Regev thinks that of tens of millions of shekels in question, non-Orthodox institutions receive “almost none.”


The petition calls for funding criteria to be applied fairly to the Progressive Movement’s request.

It also asks that a list of all institutions receiving money for Jewish cultural education be published and that the money the movement requested be set aside so that funds will be available if the court rules in its favor.

The court did, in fact, issue an interim ruling this week in favor of setting aside the funds.

The battle for fair funding is not new to the Religious Action Center for Israel.

In 1990, its lawyers filed a petition against the system of government budget allocations then in place to “politically linked organizations, particularly Orthodox and haredi (ardently Orthodox) institutions.”

That system, said attorney Ben-Dor, enabled Knesset members to lobby for and get “special allocations” for their institutions during Knesset budget debates.

In effect, that meant the institutions connected to well-placed political parties benefited financially, said Ben-Dor.

“Haredi (cultural) education was growing and growing and growing on state funds and resulting in discrimination against any alternative education,” she said.

But the system was changed following the petition and a public outcry, said Ben-Dor.

Every government ministry was given a lump sum to subsidize private institutions on the basis of standard funding criteria that were to be established and published by each ministry.

The new criteria went into effect two years ago.

The first year, 1992, the Israel Movement for Progressive Judaism received its first allocation, 34,000 shekels, or roughly $11,000.


But the request for 1993 has gone unheeded, while “we have read that other (Orthodox) schools have gotten their funding in this cycle,” said Ben-Dor.

Meanwhile, said Regev of the Religious Action Center, “we have grave doubts as to whether the criteria are in compliance with the law by being objective and universal.”
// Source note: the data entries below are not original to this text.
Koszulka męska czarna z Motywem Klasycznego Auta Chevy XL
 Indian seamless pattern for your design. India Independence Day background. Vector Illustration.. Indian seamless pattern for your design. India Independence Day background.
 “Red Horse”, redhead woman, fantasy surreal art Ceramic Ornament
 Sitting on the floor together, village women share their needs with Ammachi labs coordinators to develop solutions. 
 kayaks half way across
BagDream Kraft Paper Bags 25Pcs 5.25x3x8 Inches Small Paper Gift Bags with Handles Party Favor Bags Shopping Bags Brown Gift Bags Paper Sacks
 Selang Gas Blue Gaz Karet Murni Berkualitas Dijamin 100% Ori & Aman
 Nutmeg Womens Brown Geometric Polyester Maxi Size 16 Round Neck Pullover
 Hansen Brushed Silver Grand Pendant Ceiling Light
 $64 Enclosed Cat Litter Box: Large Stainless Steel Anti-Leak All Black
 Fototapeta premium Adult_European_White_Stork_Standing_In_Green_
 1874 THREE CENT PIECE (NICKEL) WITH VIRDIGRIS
Regev thinks the funding requirements “exclude newcomers and benefit, with the bulk of the funding, those treated with favoritism in the past.”

For instance, the criteria require the institutional applicant to have a host of locations and thousands of students.

These criteria can only apply to well-established, usually Orthodox institutions, said Ben-Dor.

Regev said the case reflects the recent mobilization by the Reform and Conservative movements in Israel in the fight for pluralism and equality.

“At the same time,” he said, “we’re seeing an awakening on the part of world Jewry” to the challenges the movements face in Israel.

Until very recently, “the issue has been dormant, and even our own Reform Movement has paid only lip service to it,” he said.

The Religious Action Center also has a petition pending on behalf of Hebrew Union College-Jewish Institute of Religion, the Reform movement’s academic institution, calling for funding on a par with yeshivot. A hearing is scheduled for Jan. 5.